Conferenza sul clima: a Dubai tante presenze ma poche certezze

cambiamento climatico

Claudio Ferri, direttore Agrimpresa

Sulla Cop 28 di Dubai negli Emirati Arabi, la 28ª conferenza delle Nazioni Unite sui cambiamenti climatici, ormai è stato detto tutto, ma per i più distratti (a proposito, Cop è l’acronimo di Conferenza delle parti) provo a sintetizzare. Questa conferenza sul clima ebbe origine in Brasile, nel 1992 con il fine di coinvolgere tutti i Paesi del mondo nel ridurre le emissioni di gas serra.

Al di là delle enunciazioni e dopo più di 30 anni, i risultati sono stati scarsi. Se ben poco possono fare i singoli Stati – ad eccezione delle grandi potenze economiche ed industriali capaci di influenzare, nel bene e nel male, i comportamenti dei governi – figuriamoci l’affollato parterre di ‘aggregati’ a questo appuntamento, nella maggior parte dei casi ininfluenti sulle decisioni finali, ma attori di un costoso turismo istituzionale. Nel 2023 i punti dibattuti hanno riguardato il bilancio dell’attuazione del contenuto delle precedenti sessioni previsto dall’Accordo della Cop 21 di Parigi del 2015 e le decisioni sul futuro della lotta al cambiamento climatico. L’evento ha ospitato settantamila partecipanti (tutti allineati all’obiettivo di contenere il riscaldamento entro gli 1,5 gradi) tra negoziatori, membri delle Ong, lobbysti e organizzazioni varie. Nelle aree adiacenti alla grande convention hanno lavorato novanta tra ristoranti e caffè, che gli organizzatori riferiscono abbiano servito 250mila pasti al giorno, con un conteggio calorico preliminare sui menu. 
È già un gran bel risultato.

Tra grattacieli, hotel lussuosi, pista da sci (sotto un’enorme campana di vetro che simula un ambiente montano innevato), oltre centottanta Paesi con interessi spesso contrapposti, si sono dati da fare per trovare una sintesi, difficile, dove un calendario fittissimo di incontri doveva indicare le strategie per la transizione energetica e favorire la strada della riconversione.
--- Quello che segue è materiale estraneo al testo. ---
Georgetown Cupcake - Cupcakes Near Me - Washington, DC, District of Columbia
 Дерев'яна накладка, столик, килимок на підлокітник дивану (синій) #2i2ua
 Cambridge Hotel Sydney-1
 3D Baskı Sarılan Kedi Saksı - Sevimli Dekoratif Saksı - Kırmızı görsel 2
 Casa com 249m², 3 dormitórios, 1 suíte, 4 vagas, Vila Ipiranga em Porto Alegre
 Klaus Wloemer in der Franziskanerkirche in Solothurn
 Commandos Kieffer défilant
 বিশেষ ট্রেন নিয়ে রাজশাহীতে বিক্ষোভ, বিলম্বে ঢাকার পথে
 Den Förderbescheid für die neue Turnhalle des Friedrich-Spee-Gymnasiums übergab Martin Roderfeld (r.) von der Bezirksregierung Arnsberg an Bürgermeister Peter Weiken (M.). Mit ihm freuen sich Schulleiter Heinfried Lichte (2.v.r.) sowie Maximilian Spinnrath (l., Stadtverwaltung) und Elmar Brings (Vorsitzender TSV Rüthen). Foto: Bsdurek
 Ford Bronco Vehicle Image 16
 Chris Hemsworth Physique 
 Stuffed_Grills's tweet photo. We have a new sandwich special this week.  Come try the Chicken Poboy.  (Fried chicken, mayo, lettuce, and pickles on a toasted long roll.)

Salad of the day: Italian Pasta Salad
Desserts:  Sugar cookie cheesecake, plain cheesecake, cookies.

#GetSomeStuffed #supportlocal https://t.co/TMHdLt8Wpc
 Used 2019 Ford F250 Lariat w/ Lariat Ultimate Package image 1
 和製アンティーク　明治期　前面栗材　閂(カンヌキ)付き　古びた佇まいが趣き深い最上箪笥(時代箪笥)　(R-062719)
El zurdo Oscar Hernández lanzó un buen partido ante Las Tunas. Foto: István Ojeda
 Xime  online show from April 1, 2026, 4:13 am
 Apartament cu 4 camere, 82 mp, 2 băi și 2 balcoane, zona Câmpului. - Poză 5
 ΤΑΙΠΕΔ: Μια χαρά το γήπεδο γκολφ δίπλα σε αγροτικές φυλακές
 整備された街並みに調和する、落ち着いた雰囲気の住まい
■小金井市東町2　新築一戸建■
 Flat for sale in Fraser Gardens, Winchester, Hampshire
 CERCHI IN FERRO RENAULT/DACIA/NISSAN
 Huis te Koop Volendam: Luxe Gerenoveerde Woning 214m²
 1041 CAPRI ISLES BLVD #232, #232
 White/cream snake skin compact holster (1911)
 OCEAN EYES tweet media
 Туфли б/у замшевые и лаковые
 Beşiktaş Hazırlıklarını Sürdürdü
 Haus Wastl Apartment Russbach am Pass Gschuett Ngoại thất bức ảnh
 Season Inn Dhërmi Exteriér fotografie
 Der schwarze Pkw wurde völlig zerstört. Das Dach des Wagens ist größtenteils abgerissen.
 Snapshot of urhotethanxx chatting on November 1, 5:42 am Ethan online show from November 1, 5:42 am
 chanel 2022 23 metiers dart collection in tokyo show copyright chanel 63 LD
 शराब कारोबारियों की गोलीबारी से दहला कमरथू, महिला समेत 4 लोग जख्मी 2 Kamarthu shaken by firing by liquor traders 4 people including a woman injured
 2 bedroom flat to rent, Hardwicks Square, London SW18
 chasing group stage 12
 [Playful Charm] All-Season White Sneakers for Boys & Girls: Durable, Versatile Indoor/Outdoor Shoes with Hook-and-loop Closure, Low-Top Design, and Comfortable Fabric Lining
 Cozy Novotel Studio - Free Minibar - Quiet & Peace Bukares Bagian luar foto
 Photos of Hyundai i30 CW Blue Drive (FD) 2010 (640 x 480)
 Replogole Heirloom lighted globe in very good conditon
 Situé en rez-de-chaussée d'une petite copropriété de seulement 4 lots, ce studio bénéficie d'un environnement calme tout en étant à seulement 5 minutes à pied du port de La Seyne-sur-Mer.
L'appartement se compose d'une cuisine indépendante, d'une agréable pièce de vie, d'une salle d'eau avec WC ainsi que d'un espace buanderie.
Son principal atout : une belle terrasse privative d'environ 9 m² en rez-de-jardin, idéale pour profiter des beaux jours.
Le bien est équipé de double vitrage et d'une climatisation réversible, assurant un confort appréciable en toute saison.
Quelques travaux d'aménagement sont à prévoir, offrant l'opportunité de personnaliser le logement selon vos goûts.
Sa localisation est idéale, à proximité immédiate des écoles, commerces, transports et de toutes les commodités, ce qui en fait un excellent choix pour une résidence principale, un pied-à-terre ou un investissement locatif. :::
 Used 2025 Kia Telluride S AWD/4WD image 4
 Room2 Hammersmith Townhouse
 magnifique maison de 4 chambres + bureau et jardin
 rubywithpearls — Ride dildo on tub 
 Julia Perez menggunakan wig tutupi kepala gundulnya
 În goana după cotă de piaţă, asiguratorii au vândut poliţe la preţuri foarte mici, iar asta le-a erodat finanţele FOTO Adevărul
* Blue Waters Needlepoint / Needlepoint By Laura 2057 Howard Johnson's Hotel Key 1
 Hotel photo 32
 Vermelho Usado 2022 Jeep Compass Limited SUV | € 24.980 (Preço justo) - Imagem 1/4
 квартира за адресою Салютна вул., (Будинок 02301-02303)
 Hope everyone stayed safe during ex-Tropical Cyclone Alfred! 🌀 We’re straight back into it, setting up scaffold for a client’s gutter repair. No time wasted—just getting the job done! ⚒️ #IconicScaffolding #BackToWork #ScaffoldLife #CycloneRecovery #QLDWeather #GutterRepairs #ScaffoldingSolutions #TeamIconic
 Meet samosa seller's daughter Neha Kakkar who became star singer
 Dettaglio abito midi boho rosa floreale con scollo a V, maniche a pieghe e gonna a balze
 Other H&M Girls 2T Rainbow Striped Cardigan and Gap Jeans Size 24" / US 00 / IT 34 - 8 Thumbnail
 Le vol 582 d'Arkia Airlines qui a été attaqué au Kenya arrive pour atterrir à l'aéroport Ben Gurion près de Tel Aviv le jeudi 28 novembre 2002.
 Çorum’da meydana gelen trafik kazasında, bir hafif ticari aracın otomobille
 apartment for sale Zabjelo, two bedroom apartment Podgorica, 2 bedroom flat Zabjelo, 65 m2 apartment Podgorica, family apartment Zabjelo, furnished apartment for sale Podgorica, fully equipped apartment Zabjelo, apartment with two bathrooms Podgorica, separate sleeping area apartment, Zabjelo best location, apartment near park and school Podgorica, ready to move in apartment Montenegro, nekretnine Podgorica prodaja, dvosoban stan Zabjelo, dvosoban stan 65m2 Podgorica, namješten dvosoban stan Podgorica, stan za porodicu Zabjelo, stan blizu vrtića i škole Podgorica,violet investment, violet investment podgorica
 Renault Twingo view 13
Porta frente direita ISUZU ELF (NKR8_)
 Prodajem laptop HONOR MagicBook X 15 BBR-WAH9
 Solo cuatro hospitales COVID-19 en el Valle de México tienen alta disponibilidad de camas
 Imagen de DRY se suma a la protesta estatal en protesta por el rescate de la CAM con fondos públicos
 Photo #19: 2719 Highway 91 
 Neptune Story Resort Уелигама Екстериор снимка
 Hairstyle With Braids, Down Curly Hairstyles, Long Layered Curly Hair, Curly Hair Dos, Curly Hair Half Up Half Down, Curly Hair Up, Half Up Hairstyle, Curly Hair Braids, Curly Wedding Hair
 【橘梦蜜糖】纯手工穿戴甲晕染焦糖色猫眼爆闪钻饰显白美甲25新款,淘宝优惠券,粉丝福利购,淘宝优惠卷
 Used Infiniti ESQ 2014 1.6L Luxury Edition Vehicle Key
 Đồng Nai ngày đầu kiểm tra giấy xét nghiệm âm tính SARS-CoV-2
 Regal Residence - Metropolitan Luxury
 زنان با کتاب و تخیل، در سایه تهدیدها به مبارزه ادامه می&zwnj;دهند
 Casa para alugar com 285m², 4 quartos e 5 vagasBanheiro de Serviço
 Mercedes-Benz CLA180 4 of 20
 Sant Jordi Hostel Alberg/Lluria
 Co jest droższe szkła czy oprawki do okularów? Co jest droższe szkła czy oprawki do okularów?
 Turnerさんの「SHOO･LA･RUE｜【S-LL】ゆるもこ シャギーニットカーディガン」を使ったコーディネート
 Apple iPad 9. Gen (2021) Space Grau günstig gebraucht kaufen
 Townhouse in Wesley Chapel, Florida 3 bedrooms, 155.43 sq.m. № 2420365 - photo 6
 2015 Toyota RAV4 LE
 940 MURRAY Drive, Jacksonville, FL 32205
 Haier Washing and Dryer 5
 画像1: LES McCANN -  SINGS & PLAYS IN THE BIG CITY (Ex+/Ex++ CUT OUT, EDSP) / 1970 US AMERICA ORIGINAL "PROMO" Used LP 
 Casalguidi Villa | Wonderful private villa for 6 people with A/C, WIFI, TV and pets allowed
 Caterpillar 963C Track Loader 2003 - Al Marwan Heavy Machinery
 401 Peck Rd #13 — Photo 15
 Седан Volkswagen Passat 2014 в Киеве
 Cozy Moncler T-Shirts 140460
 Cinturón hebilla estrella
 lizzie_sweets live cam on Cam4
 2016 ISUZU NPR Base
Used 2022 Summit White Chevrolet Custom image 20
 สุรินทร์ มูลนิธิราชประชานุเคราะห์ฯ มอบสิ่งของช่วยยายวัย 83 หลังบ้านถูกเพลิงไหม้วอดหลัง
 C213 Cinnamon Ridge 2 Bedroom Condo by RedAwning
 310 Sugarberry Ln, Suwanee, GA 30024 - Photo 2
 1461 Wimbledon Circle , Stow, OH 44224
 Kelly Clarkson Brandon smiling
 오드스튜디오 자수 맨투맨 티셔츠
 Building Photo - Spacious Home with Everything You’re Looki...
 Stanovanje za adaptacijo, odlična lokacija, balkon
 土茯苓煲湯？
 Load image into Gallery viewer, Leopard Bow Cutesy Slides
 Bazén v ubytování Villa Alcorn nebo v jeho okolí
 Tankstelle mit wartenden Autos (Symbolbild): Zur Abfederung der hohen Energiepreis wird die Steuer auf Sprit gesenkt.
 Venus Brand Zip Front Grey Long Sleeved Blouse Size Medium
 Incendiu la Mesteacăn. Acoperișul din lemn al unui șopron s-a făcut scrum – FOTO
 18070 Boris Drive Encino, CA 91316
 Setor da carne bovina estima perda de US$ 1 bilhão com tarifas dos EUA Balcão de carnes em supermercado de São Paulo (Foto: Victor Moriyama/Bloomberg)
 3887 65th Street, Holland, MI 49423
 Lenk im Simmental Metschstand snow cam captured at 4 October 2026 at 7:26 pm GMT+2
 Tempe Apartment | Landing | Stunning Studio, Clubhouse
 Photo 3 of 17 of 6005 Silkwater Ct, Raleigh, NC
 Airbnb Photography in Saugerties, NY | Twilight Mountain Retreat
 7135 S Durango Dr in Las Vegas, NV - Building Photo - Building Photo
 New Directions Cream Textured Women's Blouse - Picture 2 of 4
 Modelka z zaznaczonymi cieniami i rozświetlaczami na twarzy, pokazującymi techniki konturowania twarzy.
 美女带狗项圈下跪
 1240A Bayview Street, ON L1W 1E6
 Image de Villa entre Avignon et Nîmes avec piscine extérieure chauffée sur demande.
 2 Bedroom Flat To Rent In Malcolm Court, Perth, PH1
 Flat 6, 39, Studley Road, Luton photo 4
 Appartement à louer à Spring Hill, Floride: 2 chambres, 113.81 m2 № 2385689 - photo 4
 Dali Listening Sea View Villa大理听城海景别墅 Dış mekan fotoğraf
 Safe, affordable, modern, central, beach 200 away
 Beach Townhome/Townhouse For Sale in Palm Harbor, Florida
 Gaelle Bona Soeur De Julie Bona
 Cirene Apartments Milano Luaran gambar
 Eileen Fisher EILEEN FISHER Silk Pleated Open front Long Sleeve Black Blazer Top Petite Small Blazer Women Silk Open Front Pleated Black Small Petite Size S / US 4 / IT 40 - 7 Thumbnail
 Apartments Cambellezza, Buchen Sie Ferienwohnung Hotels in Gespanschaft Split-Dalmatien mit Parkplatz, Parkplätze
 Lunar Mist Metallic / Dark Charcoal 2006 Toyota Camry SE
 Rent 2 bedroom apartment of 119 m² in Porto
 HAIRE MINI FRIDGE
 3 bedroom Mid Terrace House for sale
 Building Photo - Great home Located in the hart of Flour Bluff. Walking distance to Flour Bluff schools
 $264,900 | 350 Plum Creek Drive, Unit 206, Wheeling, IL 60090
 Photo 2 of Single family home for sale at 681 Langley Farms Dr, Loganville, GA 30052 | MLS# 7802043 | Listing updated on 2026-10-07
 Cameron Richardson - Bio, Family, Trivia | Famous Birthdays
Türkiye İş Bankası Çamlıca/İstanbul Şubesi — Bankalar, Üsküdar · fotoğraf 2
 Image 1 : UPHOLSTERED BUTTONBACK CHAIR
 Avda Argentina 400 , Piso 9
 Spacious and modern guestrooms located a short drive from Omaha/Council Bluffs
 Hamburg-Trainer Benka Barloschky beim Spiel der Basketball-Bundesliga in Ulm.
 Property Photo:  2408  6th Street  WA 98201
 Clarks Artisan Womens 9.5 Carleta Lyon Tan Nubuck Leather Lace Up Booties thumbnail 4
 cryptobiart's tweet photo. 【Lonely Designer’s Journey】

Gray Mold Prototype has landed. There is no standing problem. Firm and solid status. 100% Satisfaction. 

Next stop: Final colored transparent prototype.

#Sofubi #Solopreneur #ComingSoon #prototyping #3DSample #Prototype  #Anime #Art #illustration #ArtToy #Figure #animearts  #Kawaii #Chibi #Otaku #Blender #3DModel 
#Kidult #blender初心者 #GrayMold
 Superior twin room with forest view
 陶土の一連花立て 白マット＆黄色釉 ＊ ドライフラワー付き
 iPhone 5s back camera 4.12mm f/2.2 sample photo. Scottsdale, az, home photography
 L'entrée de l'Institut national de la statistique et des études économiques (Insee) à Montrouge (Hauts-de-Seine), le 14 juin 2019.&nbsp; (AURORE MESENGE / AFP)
Il presidente della Cop 28, Sultan Al-Jaber, è il ministro dell’Industria e della Tecnologia avanzata del Paese ospitante, nonché amministratore delegato della Abu Dhabi national Oil Company, la compagnia petrolifera statale: non del tutto imparziale nelle decisioni da prendere. Come far portare dal lupo la merenda a cappuccetto rosso. Nel suo intervento alla plenaria il presidente  del Consiglio europeo, Charles Michel, ha chiesto “un’azione globale più incisiva e rapida per mantenere l’aumento della temperatura mondiale” rilevando come l’Ue abbia già ridotto le emissioni di gas a effetto serra del 30% rispetto ai livelli del 1990. Da ricordare che la decisione finale alla Cop 28 non si raggiunge per alzata di mano, ma con una procedura che, in mancanza di opposizioni evidenti, è comunque presa.

A conclusione dei negoziati si è trovata un’intesa nell’avviare una “transizione dai combustibili fossili” per raggiungere l’obiettivo di emissioni zero nel 2050. Un percorso mediato, rispetto le affermazioni iniziali – e radicali – di Sultan Al-Jaber. Un buon accordo, a giudizio di Cia, “ma – sottolinea la Confederazione -, nonostante gli agricoltori siano in prima linea nella lotta al clima, sul totale degli investimenti mondiali per la mitigazione climatica, solo il 5% va al settore primario e, di questo, solo lo 0,3% va alle piccole aziende”.